コラーゲンを原料とする化粧品

コラーゲンを原料とする化粧品

コラーゲンはもともと非常に丈夫な繊維質で水に溶けない性質がありますので、コラーゲンを原料とする化粧品に含まれるものはすべて水溶性です。なぜなら、化粧品、美容液、クリーム、すべてにコラーゲンが入っているとしたら、繊維のようなコラーゲン原料が入っていても、その化粧品は肌に浸透しないためです。

 

水溶性コラーゲンとは、豚の皮など動物の真皮を原料とし、そのコラーゲン線維を酵素などを使い低温で溶解することで得られる、らせん構造をもつIII型コラーゲンの水溶液のことを言います。主に化粧品原料として使われています。

 

このIII型というのがポイントで、肌に一番近い型のコラーゲンなので、化粧品との親和性が強く、肌にも浸透するという仕組みです。
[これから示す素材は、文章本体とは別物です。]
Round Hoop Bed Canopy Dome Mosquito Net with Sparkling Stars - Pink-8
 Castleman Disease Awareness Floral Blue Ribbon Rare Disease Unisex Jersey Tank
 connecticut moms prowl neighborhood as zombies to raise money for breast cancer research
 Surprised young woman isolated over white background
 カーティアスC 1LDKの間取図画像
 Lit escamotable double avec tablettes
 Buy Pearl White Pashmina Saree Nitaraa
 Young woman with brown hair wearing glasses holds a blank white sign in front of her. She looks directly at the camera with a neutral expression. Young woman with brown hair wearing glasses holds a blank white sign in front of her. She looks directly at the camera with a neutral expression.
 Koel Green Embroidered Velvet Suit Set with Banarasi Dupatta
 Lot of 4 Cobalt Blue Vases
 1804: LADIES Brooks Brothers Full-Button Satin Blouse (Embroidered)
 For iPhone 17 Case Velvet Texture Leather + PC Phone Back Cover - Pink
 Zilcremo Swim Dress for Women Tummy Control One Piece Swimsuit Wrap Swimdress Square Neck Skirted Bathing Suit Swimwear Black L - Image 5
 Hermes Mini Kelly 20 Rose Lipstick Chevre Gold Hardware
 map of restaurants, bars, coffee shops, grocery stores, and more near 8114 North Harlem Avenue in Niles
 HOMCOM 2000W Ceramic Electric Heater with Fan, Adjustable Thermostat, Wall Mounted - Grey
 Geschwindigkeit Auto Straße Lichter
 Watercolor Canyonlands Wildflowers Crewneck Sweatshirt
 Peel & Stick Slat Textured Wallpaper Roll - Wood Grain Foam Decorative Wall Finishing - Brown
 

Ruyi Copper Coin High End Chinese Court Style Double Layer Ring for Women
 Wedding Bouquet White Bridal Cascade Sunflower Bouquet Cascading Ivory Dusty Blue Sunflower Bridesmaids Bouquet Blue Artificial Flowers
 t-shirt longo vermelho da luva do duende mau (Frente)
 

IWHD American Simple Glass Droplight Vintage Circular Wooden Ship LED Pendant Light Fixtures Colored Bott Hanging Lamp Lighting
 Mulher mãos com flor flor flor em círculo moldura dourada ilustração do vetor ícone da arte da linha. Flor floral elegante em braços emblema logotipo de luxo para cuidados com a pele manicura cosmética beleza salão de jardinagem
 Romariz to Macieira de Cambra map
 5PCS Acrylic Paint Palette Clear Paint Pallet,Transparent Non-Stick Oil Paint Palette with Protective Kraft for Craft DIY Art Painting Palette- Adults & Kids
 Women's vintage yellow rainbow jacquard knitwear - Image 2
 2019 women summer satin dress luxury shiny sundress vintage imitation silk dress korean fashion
「低温で温和な条件で溶解する」というのがポイントで、これが高温になってしまうとコラーゲンのらせん構造が壊れ、ゼラチンに変わってしまいます。

 

酵素を使い、低温で溶かす事により、コラーゲン本来のらせん構造を壊さずコラーゲンを抽出することができるのです。だから、化粧品に入っているコラーゲンで、ドリンクやパウダーで販売されているコラーゲンでは同じコラーゲンでも少々違うと思ってくださいね。水溶性コラーゲンは、不純物が非常に少ないこと、粘性が強くコラーゲンの純度が高いのが特徴です。

 

一方、魚の真皮を原料とするコラーゲンは、酵素を使わずに弱酸性の低い温度の水溶液中で溶解し、水溶性コラーゲンを作る事が出来ます。ただ、酵素は不純物を除去したり、若いコラーゲンをよく溶かす働きをしてくれます。

 

つまり、酵素によって溶解したコラーゲンの方が性質・性能的には優れています。実際の「水溶性コラーゲン」という言葉の使われ方は、水に溶かす事ができてコラーゲン由来のものであれば、まとめて「水溶性コラーゲン」と言われることもありますが、本当の意味での水溶性コラーゲンは、ゼラチンやコラーゲンペプチドとは全く違う外観や性質があるので、これらは区別されるべきものです。

 

それに、水溶性コラーゲンで化粧品の原料となるようなものは、コラーゲンの性質「らせん構造」をそのままに壊さぬよう抽出したものを言います。では化粧品原料として使われるコラーゲンはどんな特徴があるのでしょうか?

 

それは肌をもっちりさせる粘度です。3本のらせん構造III型コラーゲンですから、それぞれ水分をキャッチして少し粘度がでます。だからトロリとした化粧品が肌によくなじむのですね。女性なら手に垂らした時の感触で肌に浸透するかどうか、感じることができます。やはりさらさらの水のような化粧品ではなく、粘度の少しあるものの方がいいのですね。